Achieving more than 10x cost efficiency improvement compared to already cost efficient AWS Firehose is quite incredible! Not to speak about the simplicity of a single AWS Lambda vs. the complexity of setting up Firehose to land data as parquet on S3 — not to speak about doing that cross-account.
With Data Taps you can share the data ingestion rights to any other BoilingData user.
How about Security?
Data Taps is a BoilingData product. It implements and uses our C++ AWS Lambda runtime and handler. They use the AWS Lambda Function URLs and de-facto standard JWT token based authentication and ACL (Access Control List) based access control.
Every incoming packet must contain authorization header which identifies and authenticates the user. An environment variable holds list of Data Taps users that are allowed to send data to the Tap. By default the owner of the Tap is the only user allowed to ingest data.
Other Data Taps users in other AWS regions or AWS accounts can send data to you if you put their BoilingData account username (email address) into the ACL. It’s an easy way to stream data between borders and the senders do not need to have an AWS Account or know anything about AWS.
Conclusion
Data Taps, our tailored C++ AWS Lambda runtime, handler, and extension accompanied with DuckDB provides simple and very powerful construct for data ingestion to S3. The implementation pattern and C++ code is so efficient that you don’t have to worry about the cost aspects.
AWS Lambda Function URL characteristics like TCP connections pooling / throttling, SSL/TSL offloading, buffering make it possible to achieve stable and very low latency, highly cost efficient streaming data processing with AWS Lambda.
AWS Lambda scalability is unparalleled and together with Function URLs you can also control the max scale out limits.
A single function can burst to 1,000 concurrent executions instantly.
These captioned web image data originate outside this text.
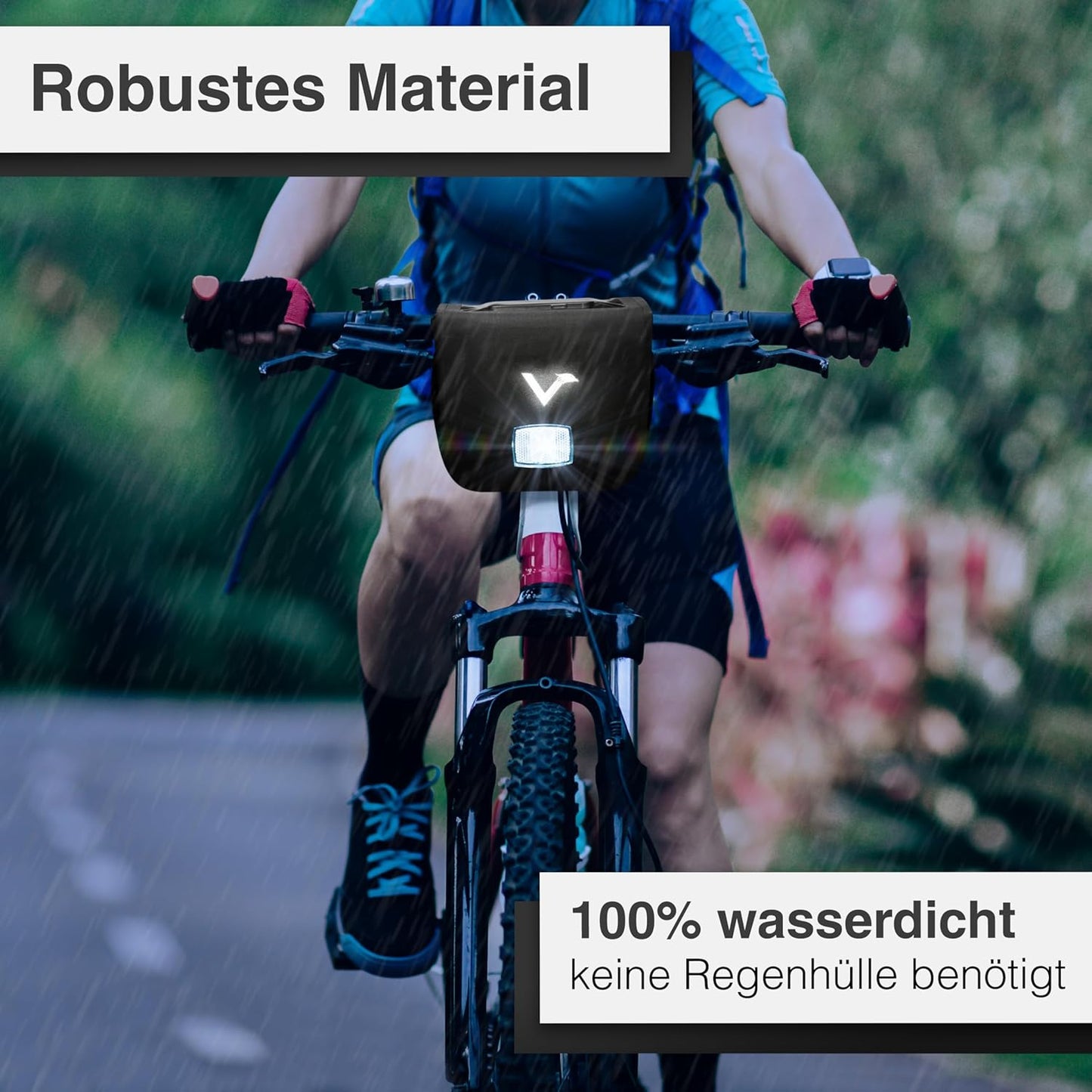 Wasserfeste Lenkertasche mit Handyfach, Schwarz Adapter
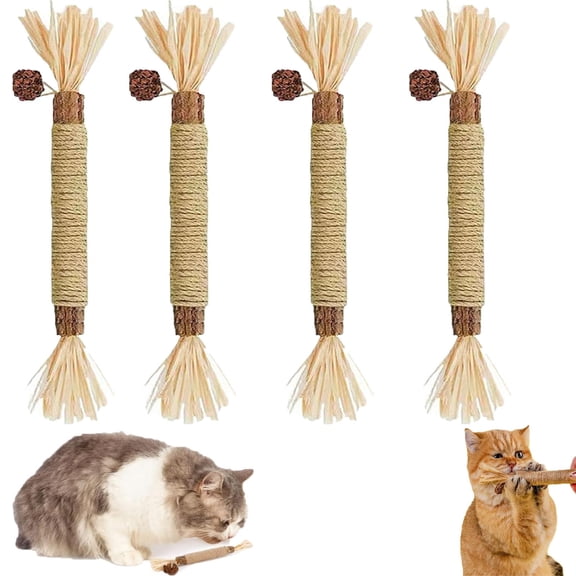 4 Pack Cat Chew Sticks Silvervine Dental Sticks for Cats Raffia Wrapped Cat Teeth Toys Interactive Cat Toys for Indoor Cats Kitten Oral Toys for Play and Dental Care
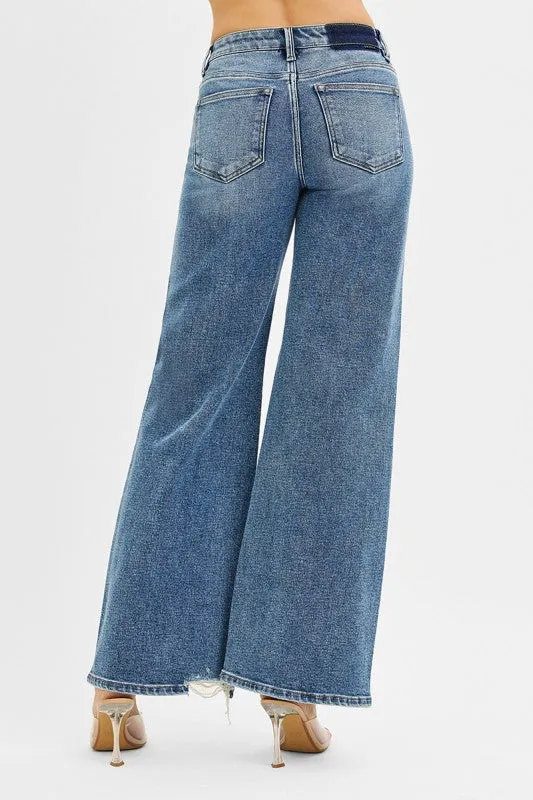City Walk Casual Friday Modern Shopping Day Johanna Tummy Control Mid Rise Fit Wide Jeans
It can then scale by a further 1,000 concurrent executions every 10 seconds.
Data Taps is much simpler and much more cost efficient than e.g. its counterpart AWS Firehose, while it also allows you to define data transformation and filtering with SQL.
You can Deploy Data Taps into your own AWS Account!
Data Taps is BYOC (Bring Your Own (AWS) Cloud) ready. You can deploy it into your AWS Account and the data plane stays with you. You don’t need to worry about VPC peerings or data plane routing across AZs, not to speak about load balancers.
We have an AWS SAM template which you can use to deploy Data Taps to your AWS account and start ingesting data to S3 right away.
For more details, please see Data Taps homepage: https://www.taps.boilingdata.com/
Follow-up bdcli, our command line tool that utilises write-through-cache on deployments into AWS to achieve deployment speeds that you’re not used to! It can deploy Data Taps in couple of seconds so you don’t have to wait for minutes or half an hour when your deployment stack gets stuck for some reason and starts snoring.
You can use bdcli to fetch Data Tap tokens when you want to send data to Taps, either your own or some other Taps shared to you (i.e. the Data Tap ACL includes your account email address).
You can use our JS SDK on browser or node to acquire authorization tokens for sending data to your and other’s Data Taps.